Каптенармус улыбнулся беззубым ртом и еще раз критически оглядел клинок.
— Держите, капитан. Да хорошенько о нем заботьтесь.
Шарп положил несколько монет на колесо и поднял палаш над головой, так что последние лучи заходящего солнца полыхнули на клинке ослепительным пламенем. А потом провел пальцем по лезвию и улыбнулся старику.
— Немецкий клинок так в жизни не наточить. Старый солдат ничего не сказал, только достал из-за спины саблю и протянул стрелку. Шарп убрал свою, а потом взял в руки ту, что держал старик. Она была сделана словно для него... Отлично сбалансированная и удобная, сабля казалась невесомой. Он коснулся клинка. Сталь рассечет шелк так же легко, как грудь французского кавалериста.
— Немецкая? — спросил Шарп.
— Да, капитан. Она принадлежит нашему полковнику. — Каптенармус забрал саблю. — А ведь я ее еще даже не начинал точить!
Шарп рассмеялся. Оружие, должно быть, стоило не меньше двухсот гиней. «Наступит день, — пообещал себе капитан, — когда и я получу такой клинок, причем он достанется мне не от мертвеца — на нем будет выгравировано мое имя, а само оружие изготовят с учетом моего роста и веса».
Шарп вернулся в рощу. За рекой было видно темнеющее небо и отсветы неприятельских костров — там двадцать тысяч французов точили свои собственные сабли и гадали о том, что принесет им следующее утро. Лишь немногие смогут сегодня заснуть. Большинство будут беспокойно дремать, время от времени поглядывая на восток и дожидаясь рассвета, который может стать последним в их жизни.
Шарп довольно долго не спал, раздумывая о том, что произойдет завтра. План был достаточно прост. Альберче делала крутой поворот и впадала в Тежу — французы находились внутри излучины. Утром запоют испанские трубы, заговорят их тридцать пушек, и пехота устремится вброд через мелкую реку, чтобы превосходящим числом атаковать противника. Естественно, французам придется отойти, после чего Уэлсли бросит в бой британцев и нанесет удар по флангу. Войска маршала Виктора будут уничтожены, армия французов попадет между молотом испанцев и наковальней британцев, а когда пехота начнет отступать, за дело возьмется кавалерия, которая промчится через реку и превратит отступление французов в настоящую бойню. И тогда, наверное, еще до того, как жители Талаверы отправятся на утреннюю воскресную мессу, между союзниками и Мадридом останется лишь двадцать тысяч солдат Жозефа Бонапарта[7]. Все очень просто. Шарп спал возле угасающих угольков костра, завернувшись в свою шинель, а бронзовый французский Орел тревожил его сон.
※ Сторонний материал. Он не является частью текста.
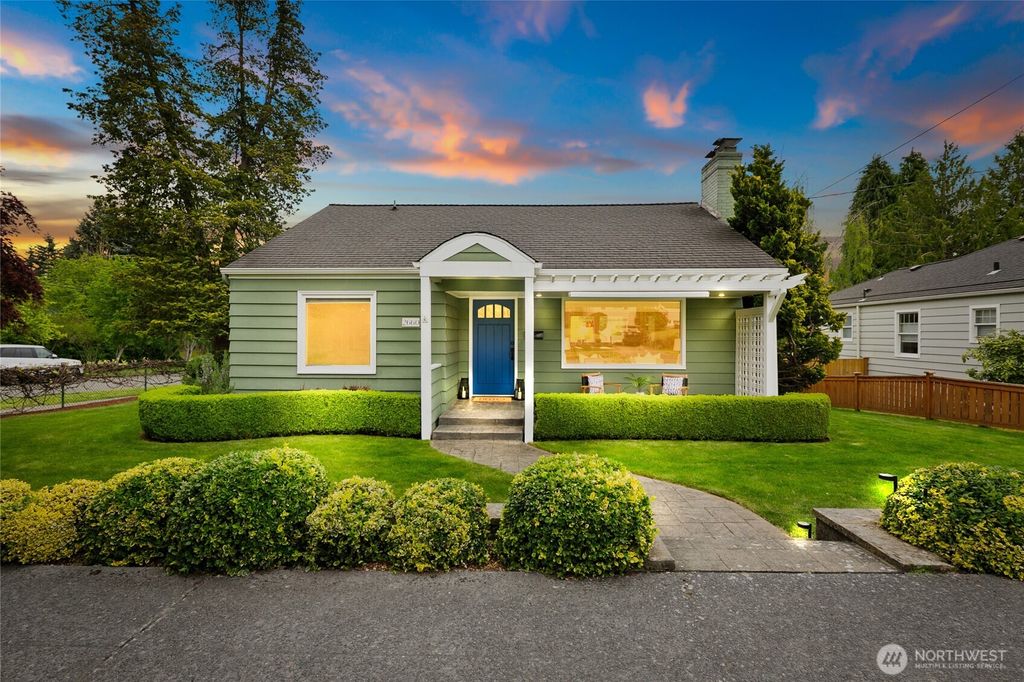 Photo of 2660 36th Avenue W, Seattle, WA 98199 (MLS # 2517934)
Зов труб не разбудил их утром, в намерения английского командования не входило оповещать французов о готовящейся на рассвете атаке — сражение принято начинать после того, как солнце поднимется над горизонтом. Сержанты и капралы трясли солдат, которые проклинали росу и утренний холод. Все невольно смотрели в сторону реки, но противоположный берег затянул туман, ничего нельзя было разглядеть или услышать. Костры было приказано не разжигать, чтобы вспышки огня не разбудили французов, однако солдаты каким-то образом сумели нагреть воду и заварить чай — уж очень не хотелось остаться без горячего утреннего чая, — и Шарп с благодарностью принял из рук сержанта жестяную кружку с обжигающим напитком.
Харпер быстро забросал огонь землей.
— Разрешите сходить в церковь, сэр? — обращаясь к капитану, с усмешкой спросил он.
Шарп хмыкнул в ответ. Сегодня воскресенье. Он попытался вспомнить число. Из Пласенсии они вышли семнадцатого, в понедельник. Так, пересчитаем дни по пальцам... Значит, сегодня воскресенье, двадцать третье июля 1809 года.
На темном небе все еще ярко сияли звезды, до рассвета оставалось два часа. Из рощи пробковых деревьев послышался какой-то скрежет, а потом приглушенные ругательства — там разворачивалась артиллерия. Продолжая держать в руках кружку с чаем, Шарп наблюдал, как солдаты наводят полевые орудия на противоположный берег. Они и сообщат противнику о начале атаки: смертоносные ядра полетят в расположение французских войск и пробьют бреши в позициях батальонов, а Шарп в это время поведет своих людей к реке.
Было холодно, слишком холодно, чтобы чувствовать возбуждение, оно придет потом. Сейчас нужно потуже затянуть ремни и ждать. Неожиданно Шарп понял, что страшно хочет есть. Он передернул плечами под своей шинелью, кивком поблагодарил Харпера и направился в сторону рощи, где рота легкой пехоты и стрелки пытались согреться, размахивая руками и постукивая сапогами о землю. Время от времени кто- нибудь вспоминал наиболее удачные шутки вчерашнего вечера. Однако сейчас, в смутные часы перед рассветом, они почему-то не казались смешными.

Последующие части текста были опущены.